▶ _Exercise brief_:
Copy out the lines beginning at the one with "L'Olive Homes مرمريس المظهر الخارجي الصورة" and ending at the last line of the data, both included; pictures stay out.

▶ _Dataset records_:
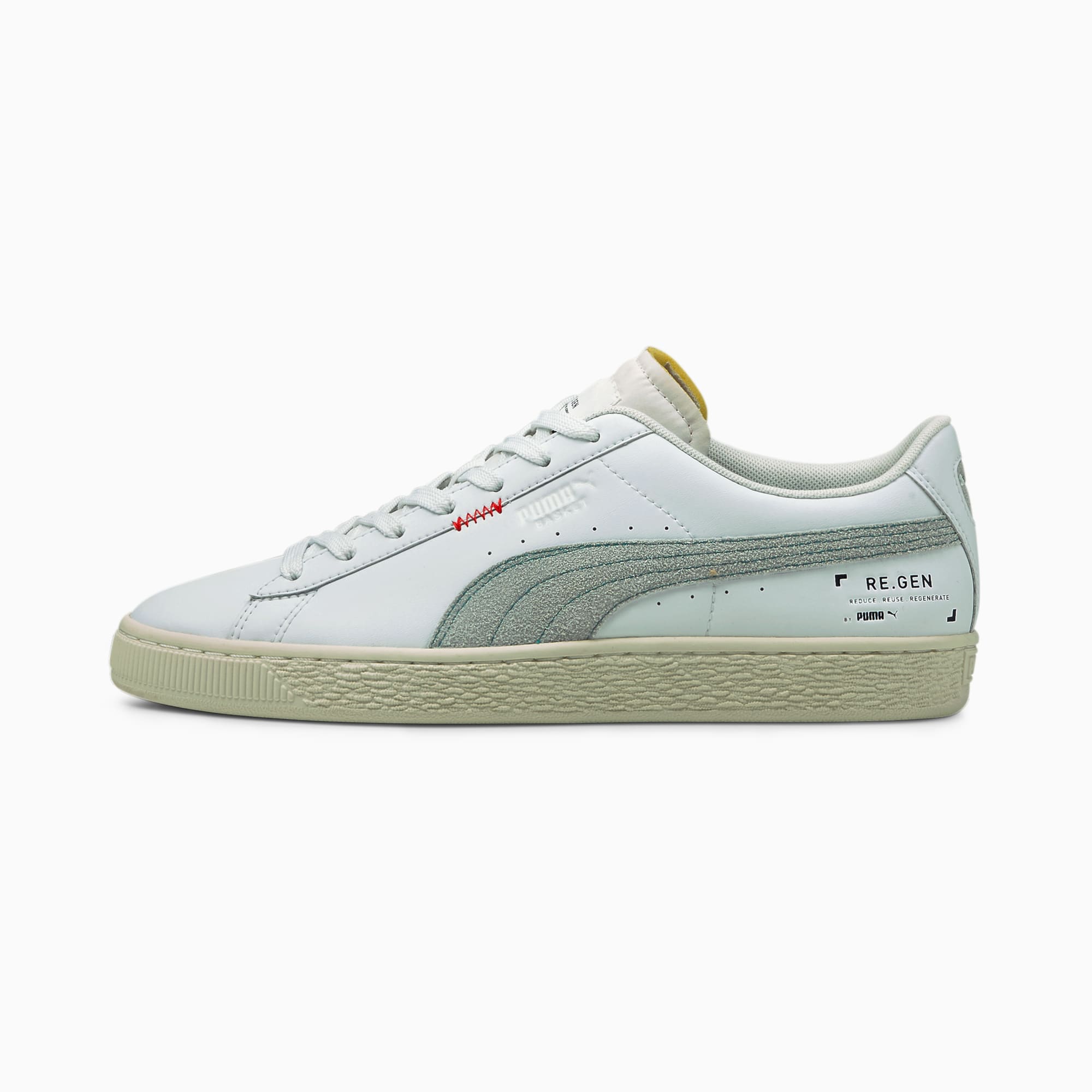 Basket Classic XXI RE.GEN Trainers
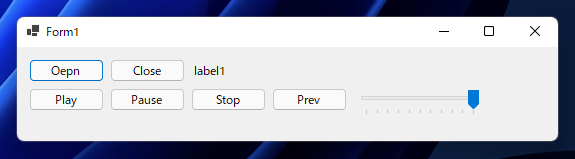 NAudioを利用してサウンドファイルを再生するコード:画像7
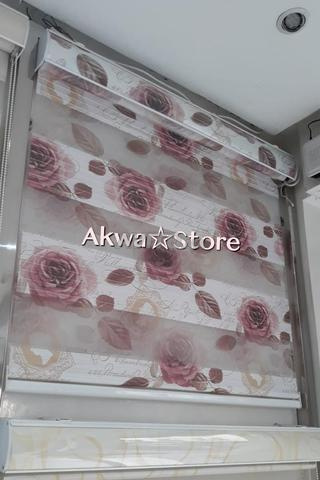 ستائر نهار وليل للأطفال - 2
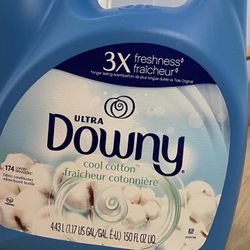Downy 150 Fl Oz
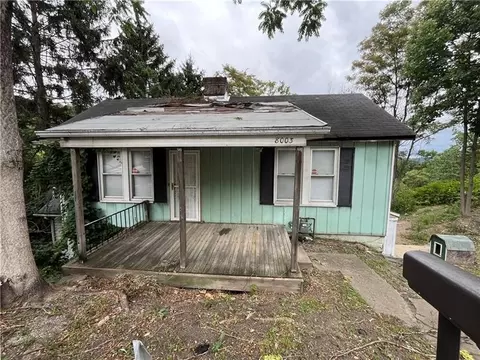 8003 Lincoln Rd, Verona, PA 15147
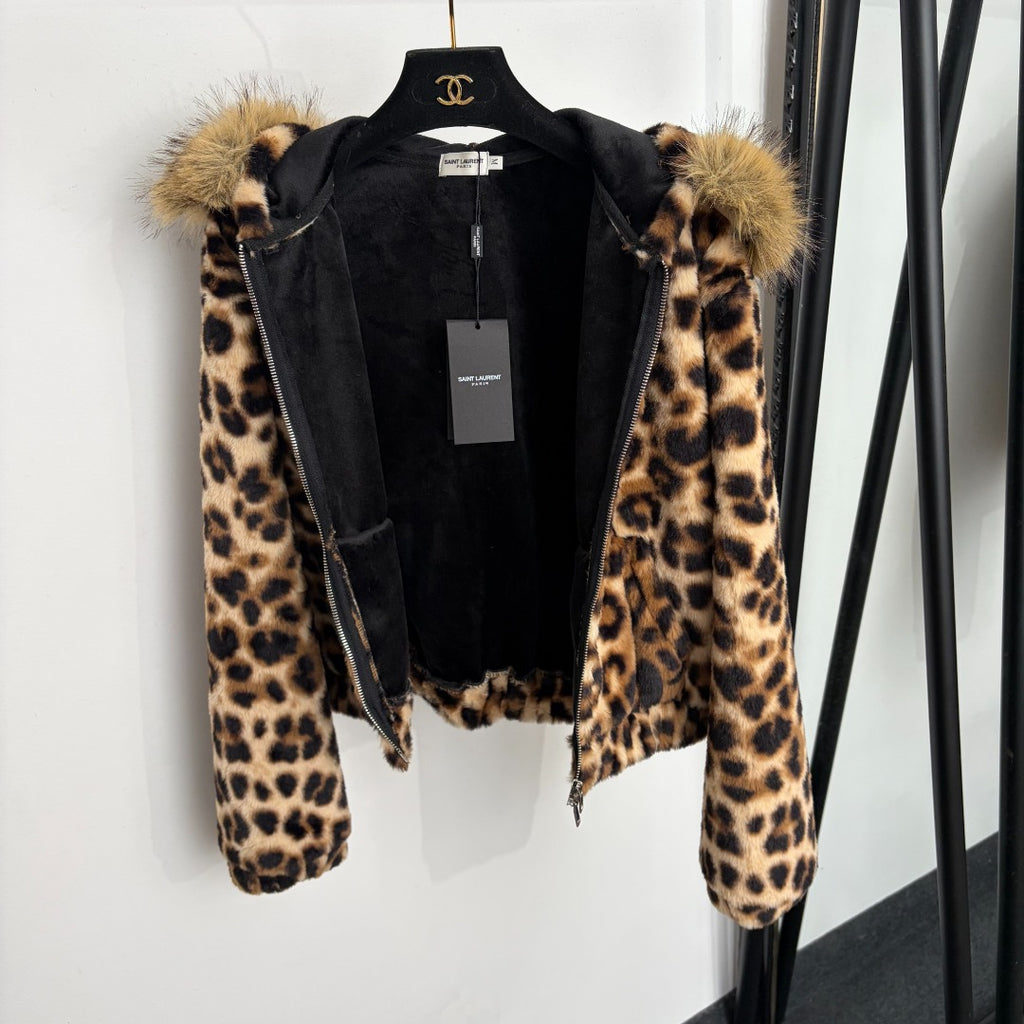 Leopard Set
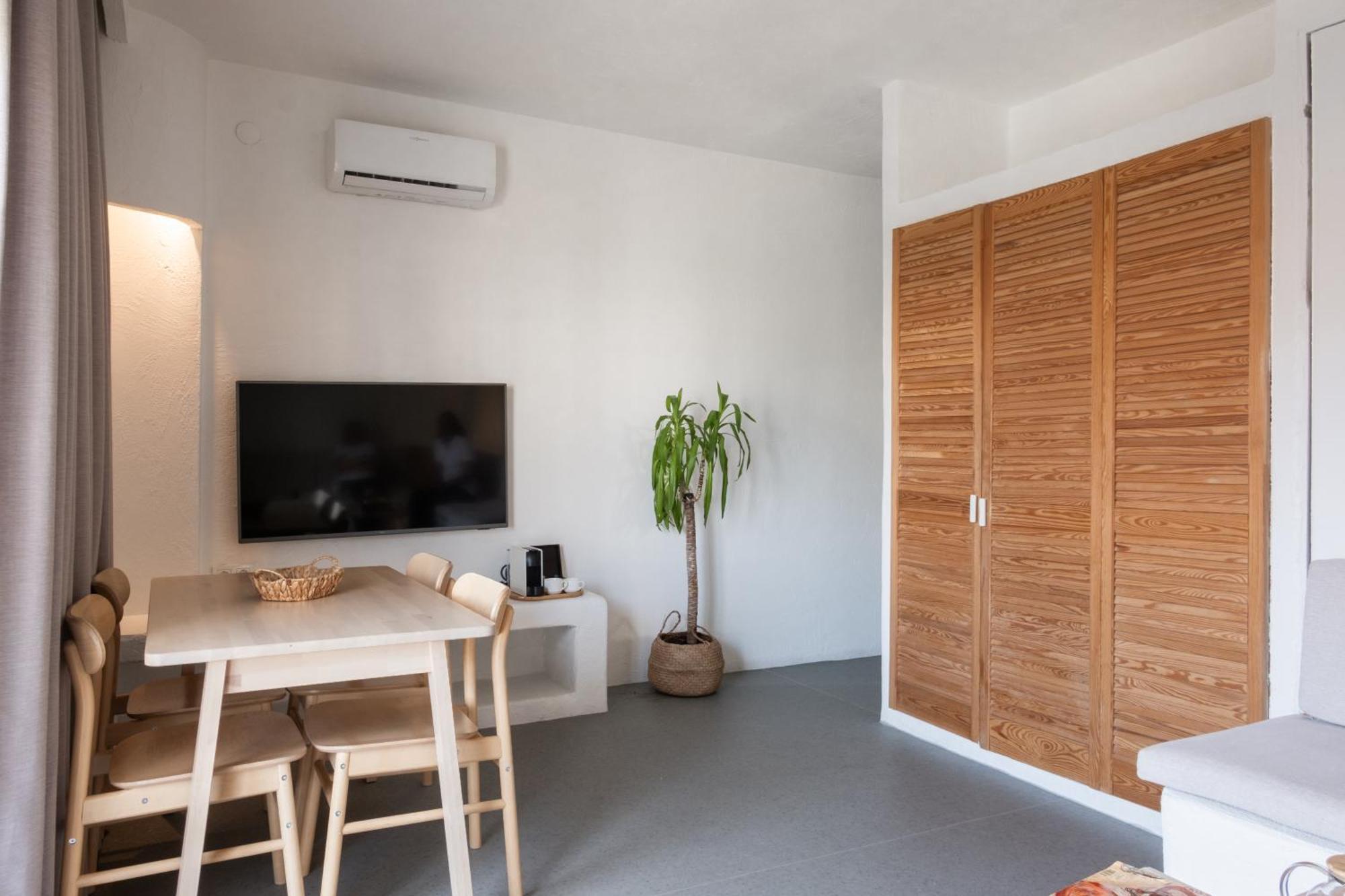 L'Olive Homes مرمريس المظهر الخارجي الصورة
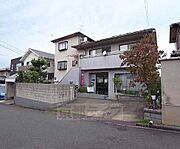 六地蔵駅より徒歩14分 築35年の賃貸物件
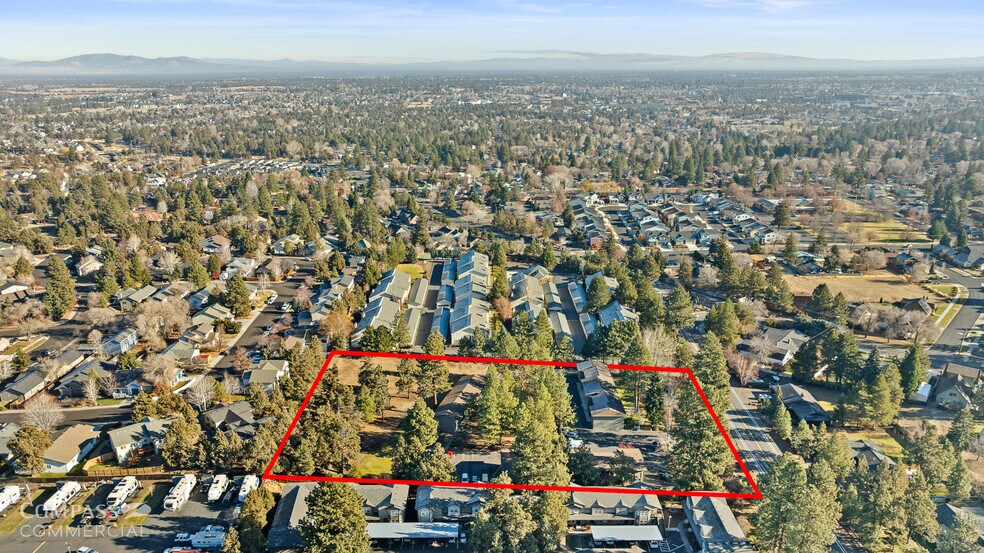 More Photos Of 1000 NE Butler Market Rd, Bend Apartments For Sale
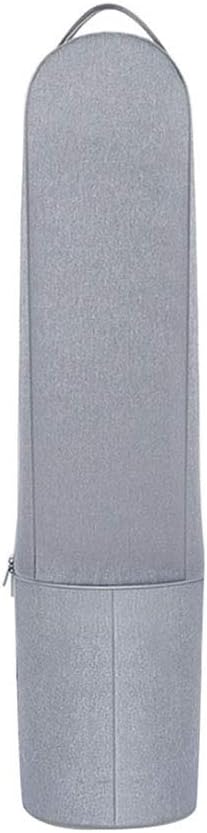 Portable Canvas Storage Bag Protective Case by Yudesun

▶ _Solution to the exercise_:
 L'Olive Homes مرمريس المظهر الخارجي الصورة
 六地蔵駅より徒歩14分 築35年の賃貸物件
 More Photos Of 1000 NE Butler Market Rd, Bend Apartments For Sale
 Portable Canvas Storage Bag Protective Case by Yudesun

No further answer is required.